Haïti : « Après le séisme »

A quelques jours du deuxième anniversaire du séisme en Haïti, le 12 janvier 2012, nous publions un article écrit pour la revue « Lumière et Vie » par Frère Manuel Rivero, o. p. Deuxième partie : « Après le séisme ».
 

« Vivre et croire en Haïti après le séisme du 12 janvier 2010 »

Le séisme avait-t-il un sens ? Quelles ont été ses causes ?

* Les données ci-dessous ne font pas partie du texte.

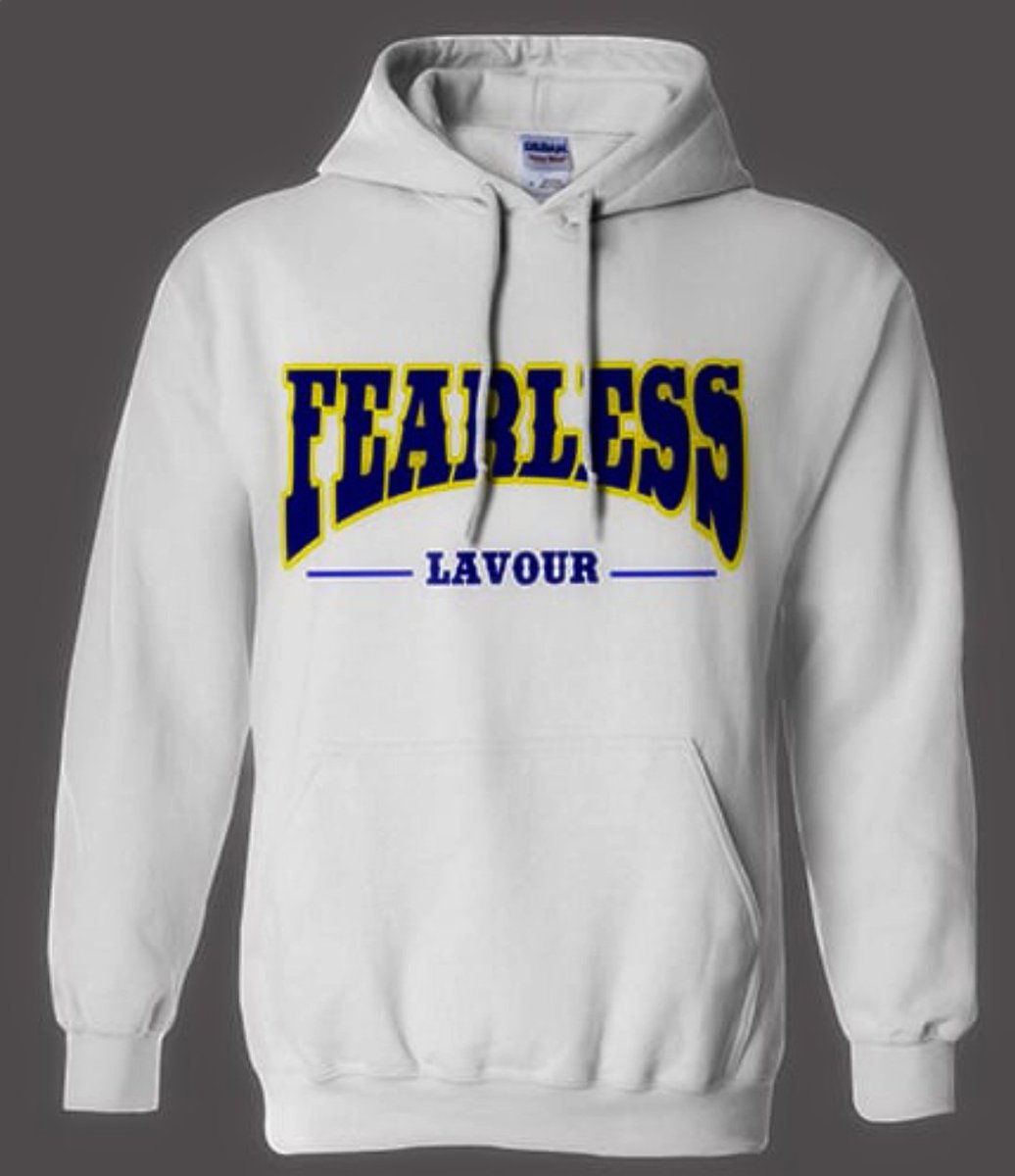 2PGAIM's tweet photo. Another day to remind you to shop with us at @KingLavour
Visit our online store or Jumia or find us at the H/W Mall in Kitantale for this and so much more
https://t.co/xXofcQYqMk https://t.co/lqBIdRK2uE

Cette nuit du 12 janvier restera dans la mémoire de beaucoup d’Haïtiens comme une grande nuit de prière. Rassemblés près de leurs maisons en ruines, les familles faisaient monter leurs gémissements et leurs cris vers Dieu dans une fervente prière d’intercession et de louange. Dans l’angoisse et la frayeur, il y eut de grands moments de communion avec le Seigneur. Un cri retentissait lors des secousses : « Jésus ! Jésus ! » Il n’était pas question d’Allah ou du Bouddha.
Les uns ont prié, d’autres ont blasphémé ne comprenant pas l’inaction et le silence de Dieu. Comment ne pas penser au Psaume 42, 4 : « Mes larmes, c’est là mon pain, le jour, la nuit, moi qui tout le jour entends dire : Où est-il, ton Dieu ? » Un jeune ouvre son cœur en disant : « Le séisme a tout chamboulé dans ma tête au sujet de Dieu. Je crois, je ne crois pas, je veux croire, je ne veux pas croire. Aujourd’hui je ne sais même pas ce que je suis, chrétien, athée, vaudouisant… Je n’en sais rien. »
D’aucuns ont attribué le séisme à une punition de Dieu. Mais comment imaginer un Dieu bon qui provoque la mort des innocents ? La nuit du 12 janvier, quelqu’un disait à Jésus dans la colère : « On te priait et l’on faisait de notre mieux et c’est ainsi que tu nous traites ! » Des milliers d’enfants sont morts dans des conditions cruelles alors que s’ouvraient les portes du Pénitencier national dont des centaines de prisonniers dangereux semaient la terreur au milieu de ruines : vols, agressions, viols…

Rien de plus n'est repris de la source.